Still going! i WILL crack 11k points!


----------



## cdawall (Jun 1, 2008)

does 14x225 work? cause that would give a much higher ram speed


----------



## CrackerJack (Jun 1, 2008)

i got a better just by using 16x200 1.375v (bios)


----------



## cdawall (Jun 1, 2008)

CrackerJack said:


> i got a better just by using 16x200 1.375v (bios)



i tihnk im going to try 1.37x volts again to see if its stable


----------



## CrackerJack (Jun 1, 2008)

here's my highest cpu score: i forgot to take a cpu-z screenie. 
http://forums.techpowerup.com/showpost.php?p=801569&postcount=4126

here's a screenshot with the cpu-z (bios was still set at 1.375v)
http://forums.techpowerup.com/showpost.php?p=784999&postcount=4082


----------



## cdawall (Jun 1, 2008)

http://service.futuremark.com/compare?3dm06=6688786

thats my highest @ 3.2ghz ~1.44v (old 580X mobo)


----------



## CrackerJack (Jun 1, 2008)

cdawall said:


> http://service.futuremark.com/compare?3dm06=6688786
> 
> thats my highest @ 3.2ghz ~1.44v (old 580X mobo)

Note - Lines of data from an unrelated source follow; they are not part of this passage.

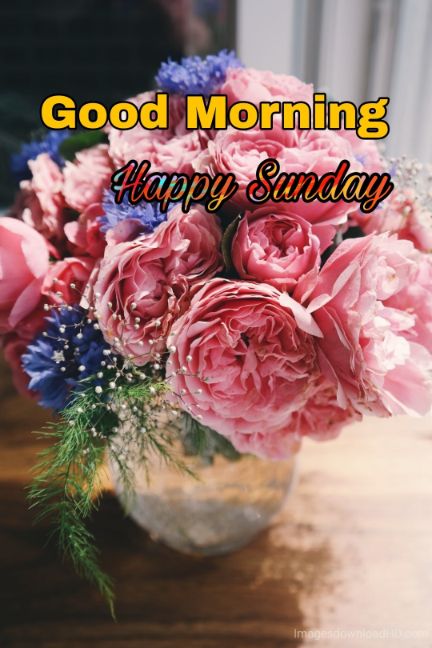 122+ Good Morning Sunday Images 2023 - New Collection 11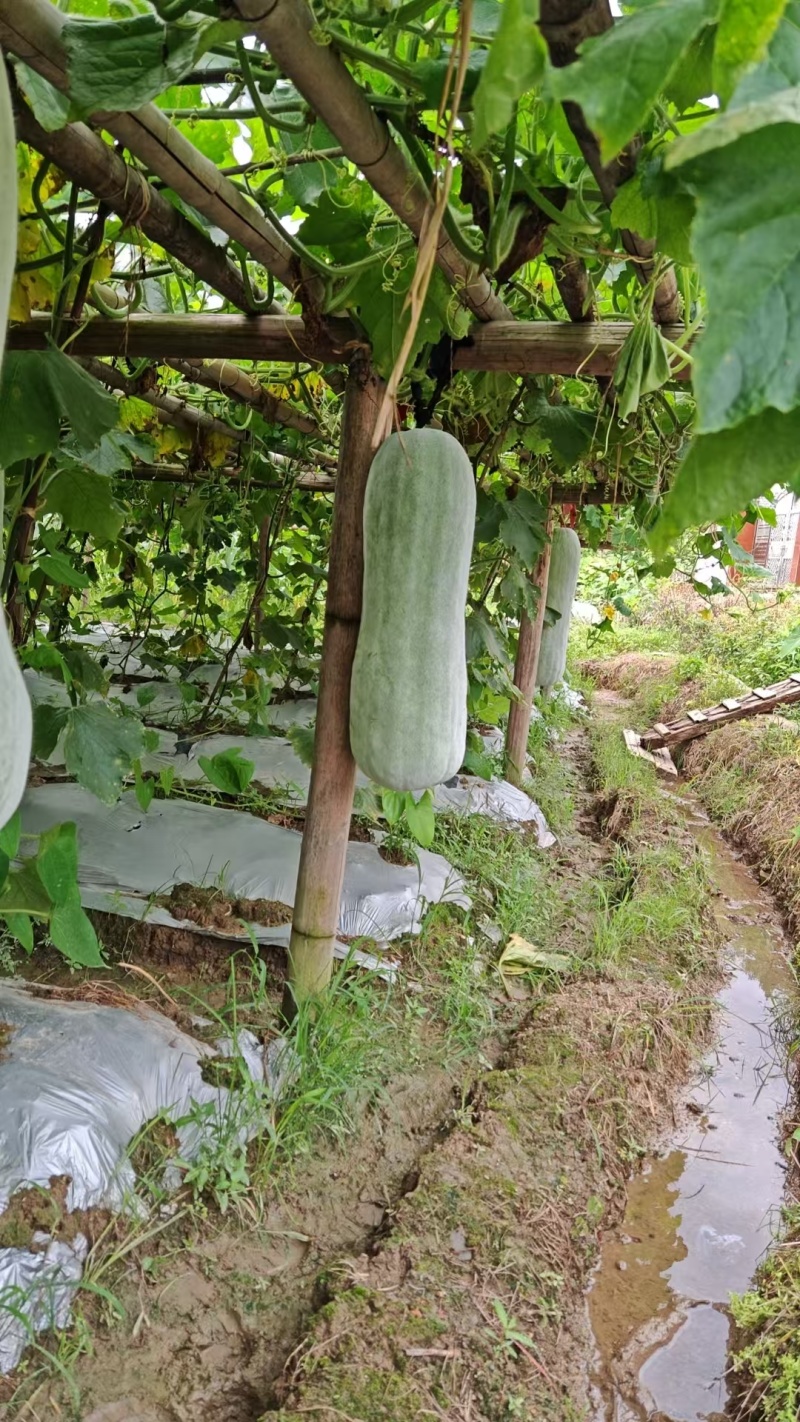 赣南白皮白粉冬瓜农家吊冬瓜
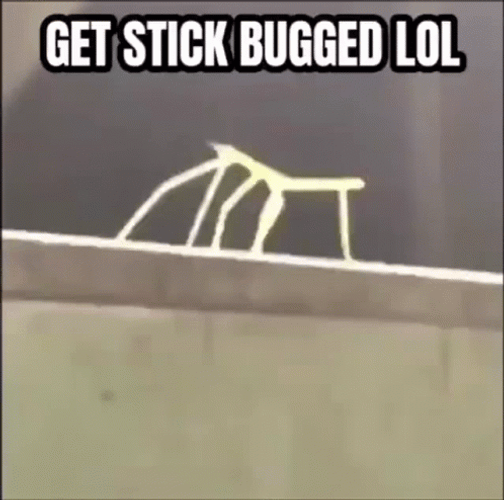 Get Stick Bug And Hand Fist GIF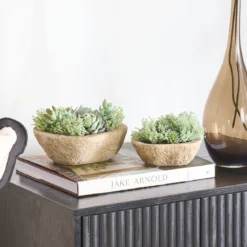 Greyson Potted Artificial Succulent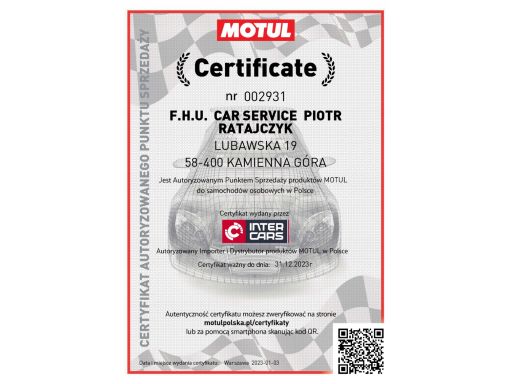 533 0076 30 Napinacz Paska Wielorowkowego Pasuje Do: Audi A3, Tt, Seat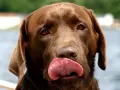 Czekoladowy labrador oblizuje pyszczek, jego język jest różowy i wilgotny. Słychać ciche piszczenie psa, gdy czeka na smakołyk.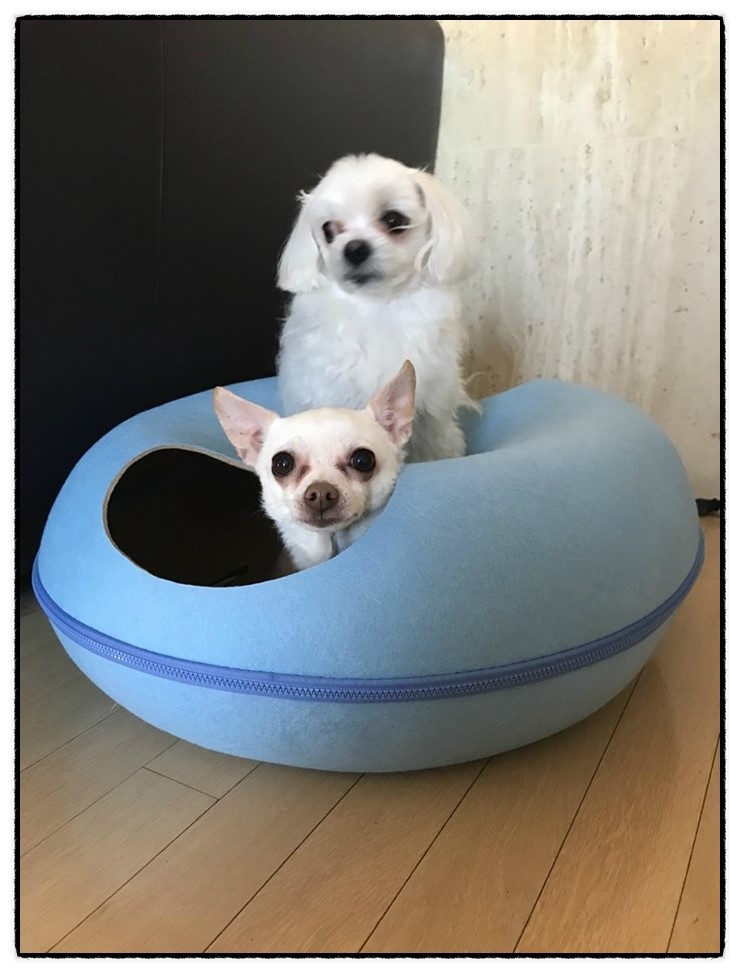 슬로우하우스 이미지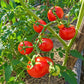 Ding Wall Scotty DER TOMATENFLÜSTERER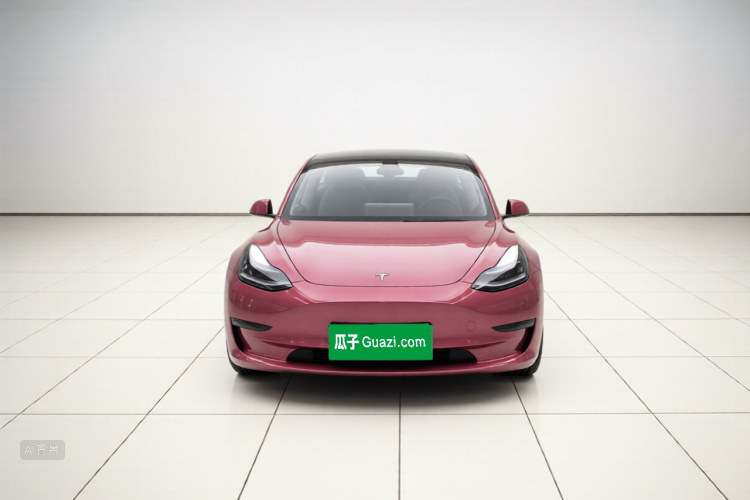 Tesla Model 3 2022 #3 Tesla Model 3 2022 car image #3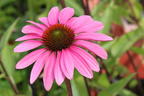 Purpurroter Scheinsonnenhut - Echinacea purpurea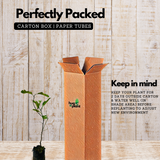 Ganapathi Lemon / Ganapathi Narakam / Kottanaranga / Wild Lemon (Citrus Medica) Fruit/Ornamental/Medicinal Live Plant (Home & Garden)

hmm i didn't know they made AM2 x580. I thought they stop making those boards. I've also have a x580, but it's a 939. Which i'm using now.


----------



## cdawall (Jun 1, 2008)

CrackerJack said:


> hmm i didn't know they made AM2 x580. I thought they stop making those boards. I've also have a x580, but it's a 939. Which i'm using now.



yep MSI K9A Platinum was a ATi Xpress 3200 based mobo ie 580X

also what do you think


----------



## CrackerJack (Jun 1, 2008)

cdawall- only 5746  Is your card still not working right?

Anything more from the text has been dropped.